4. Da ließ der HErr einen großen Wind aufs Meer kommen, und erhob sich ein großes Ungewitter auf dem Meer, dass man meinte, das Schiff würde zerbrechen. 5. Und die Schiffleute fürchteten sich, und schrien ein Jeglicher zu seinem GOtt; und warfen das Geräte, das im Schiff war, in das Meer, dass es leichter würde. Aber Jona war hinunter in das Schiff gestiegen, lag und schlief. 6. Da trat zu ihm der Schiffsherr, und sprach zu ihm: Was schläfst du? Stehe auf, rufe deinen GOtt an, ob vielleicht GOtt an uns gedenken wollte, dass wir nicht verdürben. 7. Und Einer sprach zum andern: Kommt, wir wollen losen, dass wir erfahren, um welches willen es uns so übel gehe. Und da sie losten, traf es Jonam. 8. Da sprachen sie zu ihm: Sage uns, warum geht es uns so übel? Was ist dein Gewerbe? dein Gewerbe? Und wo kommst du her? Aus welchem Lande bist du? Und von welchem Volk bist du? 9. Er sprach zu ihnen: Ich bin ein Hebräer, und fürchte den HErrn, GOtt vom Himmel, welcher gemacht hat das Meer und das Trockene. 10. Da fürchteten sich die Leute sehr, und sprachen zu ihm: Warum hast du denn solches getan? Denn sie wussten, dass er vor dem HErrn floh, denn er hatte es ihnen gesagt. 11. Da sprachen sie zu ihm: Was sollen wir denn mit dir tun, dass uns das Meer stille werde? Denn das Meer fuhr ungestüm. 12. Er sprach zu ihnen: Nehmt mich und werft mich in das Meer, so wird euch das Meer stille werden. Denn ich weiß, dass solches große Ungewitter über euch kommt um meinetwillen. 13. Und die Leute trieben, dass sie wieder zu Lande kämen, aber sie konnten nicht, denn das Meer fuhr ungestüm wider sie. 14. Da riefen sie zu dem HErrn und sprachen: Ach, HErr, lass uns nicht verderben um dieses Mannes Seele willen, und rechne uns nicht zu unschuldiges Blut; denn Du, HErr, tust, wie Dirs gefällt. 15. Und sie nahmen Jonam, und warfen ihn in das Meer; da stand das Meer stille von seinem Wüten. 16. Und die Leute fürchteten den HErrn sehr, und taten dem HErrn Opfer und Gelübde.
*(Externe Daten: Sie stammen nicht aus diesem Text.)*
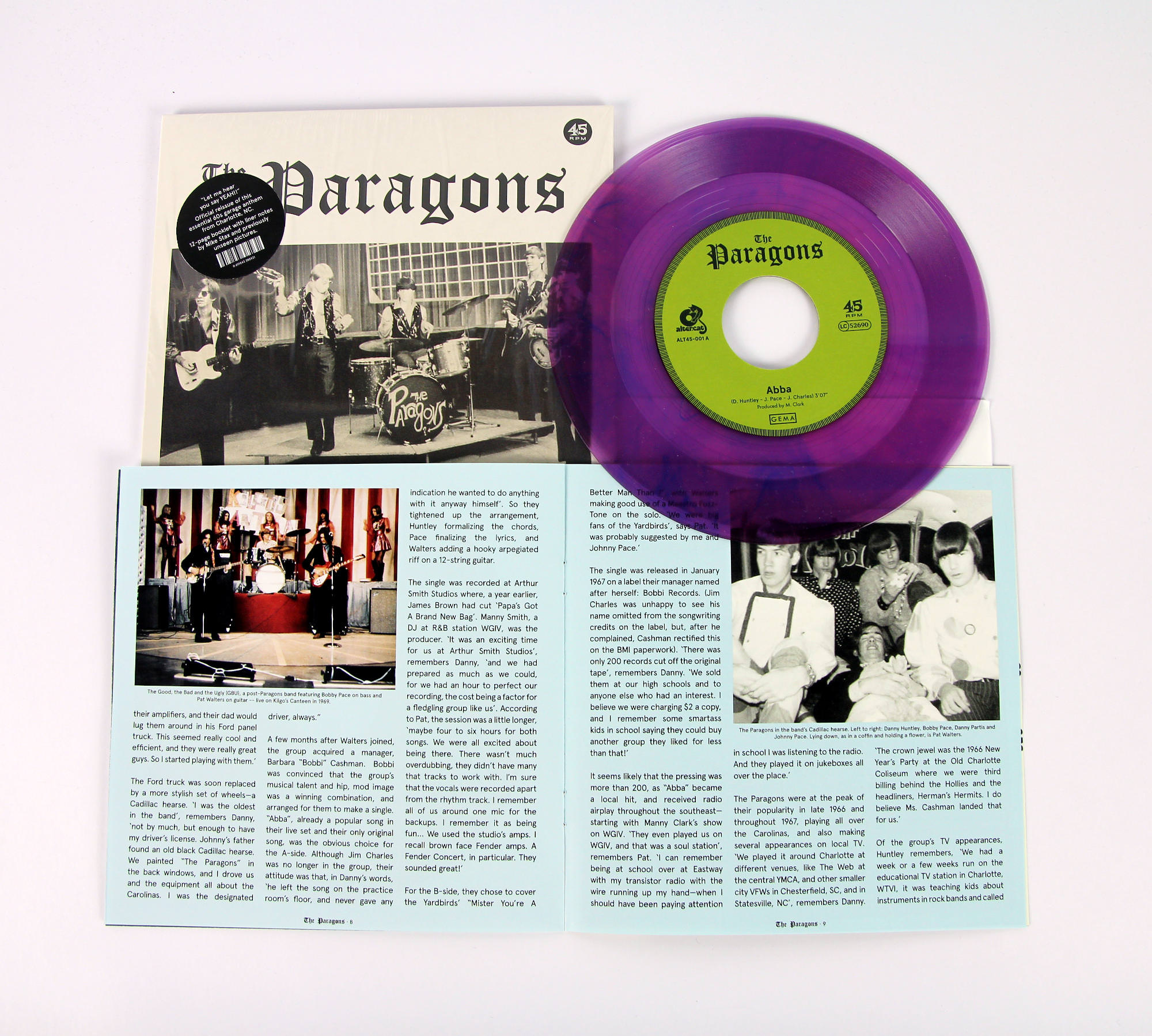 altercat-paragons-abba-alt45001-single-45-tours-7-pouces-limit image 3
Dieser ganze Hergang hat zwar GOttes gerechtes Missfallen an der Flucht Jonä offenbaren, zugleich aber ihn doch zu künftiger mutiger Ausrichtung seines Berufs ausrüsten sollen. Denn dass Jona bei dieser fremden Leute ihrem Gewissen doch soviel Legitimation fand, dass es soviel Eindruck von Furcht GOttes dabei gab, dass so viel Ernst, GOtt anzurufen, in ihnen aufwachte, das konnte den Jona vorbereiten, seine Predigt an eine fremde Stadt nicht so schwer zu nehmen. Auch alle Lindigkeit, die sie gegen Jona brauchten, war eine Wirkung von der in ihrem Innern geschäftigen Wahrheit GOttes; denn was täte sonst der natürliche Sinn gegen einen Menschen, der Einen nicht nur in solchen Verlust seiner Güter, sondern auch in solche Gefahr des Lebens gebracht! Wenn sich schon Jona allein als Sünder und Ursache dieses Unglücks angegeben hat, so muss der Andern Gewissen doch auch aufgeweckt worden sein, zu empfinden, was sie auf sich haben. Die göttliche Traurigkeit und Reue, in der Jona stand, wirkte auch in ihm die rechtmäßige Rache (2. Kor. 7, 11.), dass er sprach: nehmt mich, und werft mich ins Meer. Doch stürzt er sich nicht selber in das Meer. Solch ein Unterschied findet sich zwischen einem aufgeweckten und zwischen einem verzweifelnden Gewissen.